INFORMATION PROVIDED >>
-*-
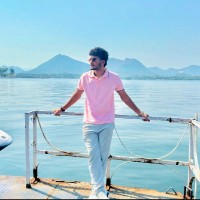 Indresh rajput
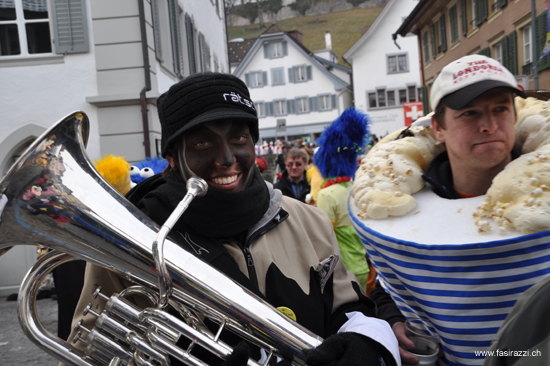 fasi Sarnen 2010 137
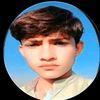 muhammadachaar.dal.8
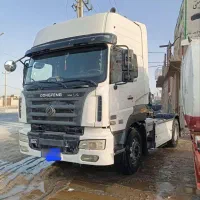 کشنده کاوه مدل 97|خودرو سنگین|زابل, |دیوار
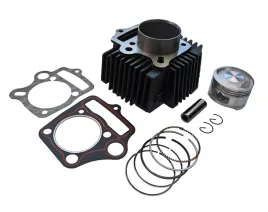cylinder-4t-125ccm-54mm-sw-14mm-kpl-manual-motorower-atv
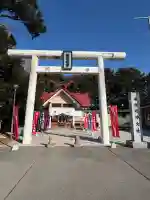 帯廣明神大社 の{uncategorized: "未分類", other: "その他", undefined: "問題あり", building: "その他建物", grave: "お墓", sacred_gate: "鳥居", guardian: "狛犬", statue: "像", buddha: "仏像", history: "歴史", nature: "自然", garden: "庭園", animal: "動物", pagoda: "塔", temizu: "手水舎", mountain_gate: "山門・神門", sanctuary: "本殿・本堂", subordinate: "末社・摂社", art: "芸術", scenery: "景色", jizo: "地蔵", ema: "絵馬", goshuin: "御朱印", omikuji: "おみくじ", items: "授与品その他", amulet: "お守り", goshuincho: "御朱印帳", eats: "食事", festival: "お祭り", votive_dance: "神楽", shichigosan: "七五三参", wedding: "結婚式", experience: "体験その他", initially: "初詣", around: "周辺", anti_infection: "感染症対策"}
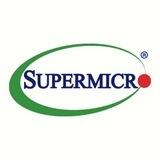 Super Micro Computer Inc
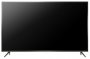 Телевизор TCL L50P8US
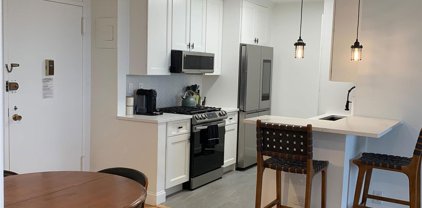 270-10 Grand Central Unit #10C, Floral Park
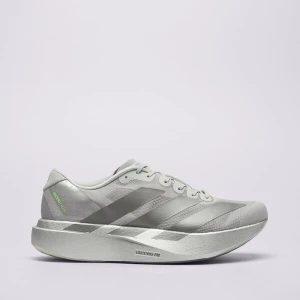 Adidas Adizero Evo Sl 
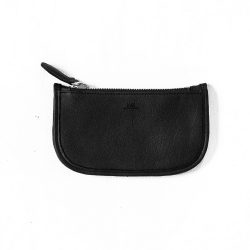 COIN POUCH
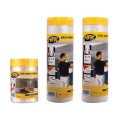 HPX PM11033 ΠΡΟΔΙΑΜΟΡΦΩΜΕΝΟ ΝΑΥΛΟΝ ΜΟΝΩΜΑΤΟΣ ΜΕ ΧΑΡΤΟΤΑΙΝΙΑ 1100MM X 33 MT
-*-
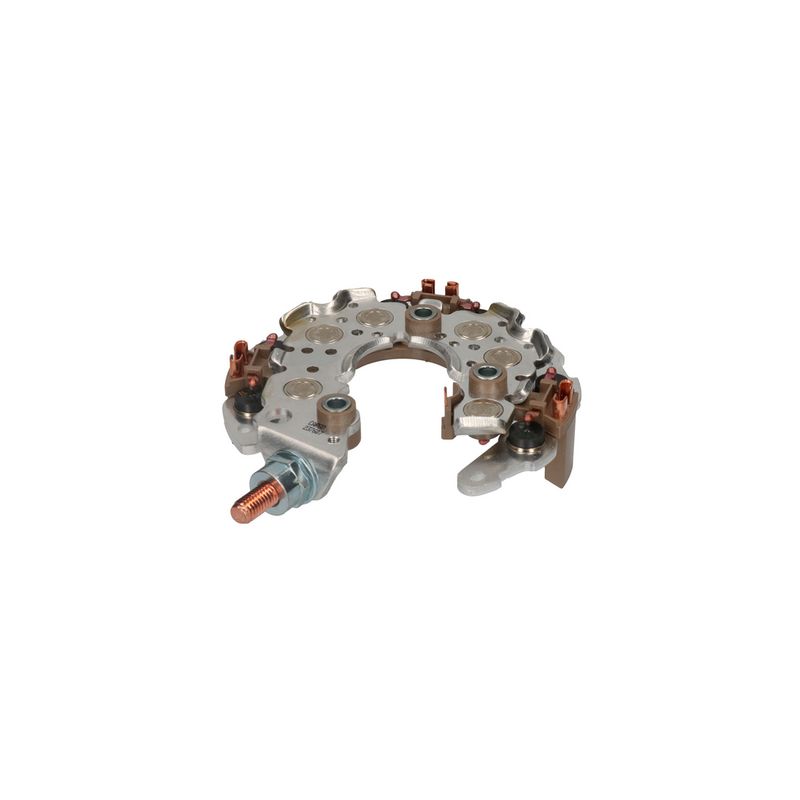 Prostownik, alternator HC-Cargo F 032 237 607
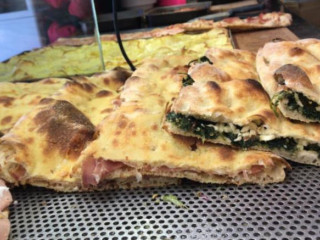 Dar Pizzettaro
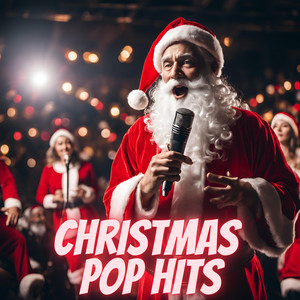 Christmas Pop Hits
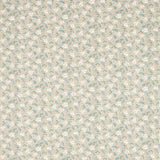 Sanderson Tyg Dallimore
-*-
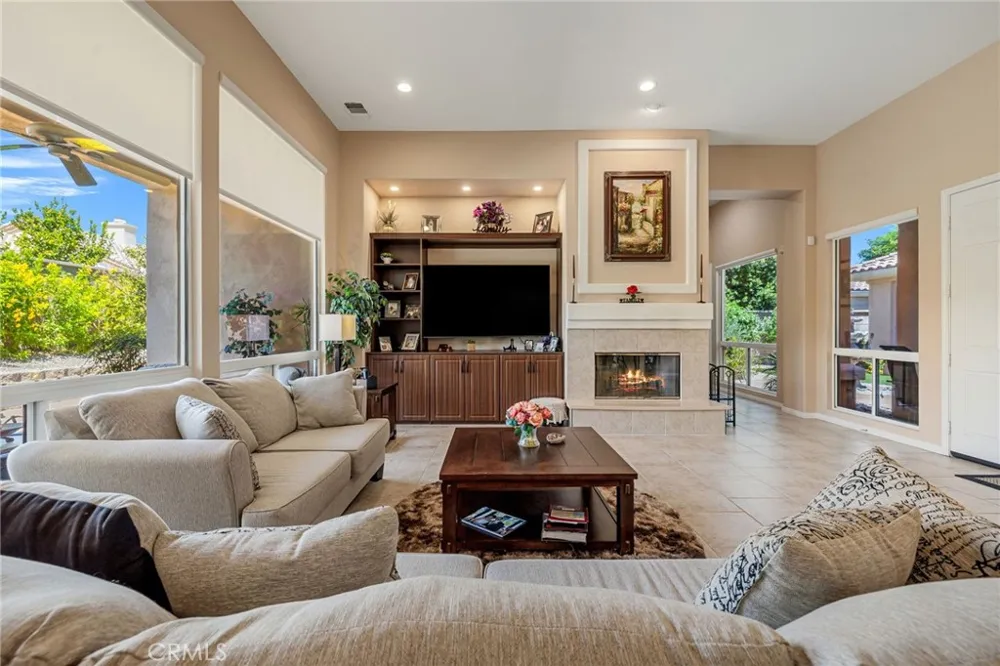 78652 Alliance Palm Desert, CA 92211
-*-
EXERCISE GOAL >> Look above for the line with "Indresh rajput" and the line with "HPX PM11033 ΠΡΟΔΙΑΜΟΡΦΩΜΕΝΟ", then copy exactly the lines from the first through the second, both kept, with no pictures.

ANSWER AREA >>
 Indresh rajput
 fasi Sarnen 2010 137
 muhammadachaar.dal.8
 کشنده کاوه مدل 97|خودرو سنگین|زابل, |دیوار
cylinder-4t-125ccm-54mm-sw-14mm-kpl-manual-motorower-atv
 帯廣明神大社 の{uncategorized: "未分類", other: "その他", undefined: "問題あり", building: "その他建物", grave: "お墓", sacred_gate: "鳥居", guardian: "狛犬", statue: "像", buddha: "仏像", history: "歴史", nature: "自然", garden: "庭園", animal: "動物", pagoda: "塔", temizu: "手水舎", mountain_gate: "山門・神門", sanctuary: "本殿・本堂", subordinate: "末社・摂社", art: "芸術", scenery: "景色", jizo: "地蔵", ema: "絵馬", goshuin: "御朱印", omikuji: "おみくじ", items: "授与品その他", amulet: "お守り", goshuincho: "御朱印帳", eats: "食事", festival: "お祭り", votive_dance: "神楽", shichigosan: "七五三参", wedding: "結婚式", experience: "体験その他", initially: "初詣", around: "周辺", anti_infection: "感染症対策"}
 Super Micro Computer Inc
 Телевизор TCL L50P8US
 270-10 Grand Central Unit #10C, Floral Park
 Adidas Adizero Evo Sl 
 COIN POUCH
 HPX PM11033 ΠΡΟΔΙΑΜΟΡΦΩΜΕΝΟ ΝΑΥΛΟΝ ΜΟΝΩΜΑΤΟΣ ΜΕ ΧΑΡΤΟΤΑΙΝΙΑ 1100MM X 33 MT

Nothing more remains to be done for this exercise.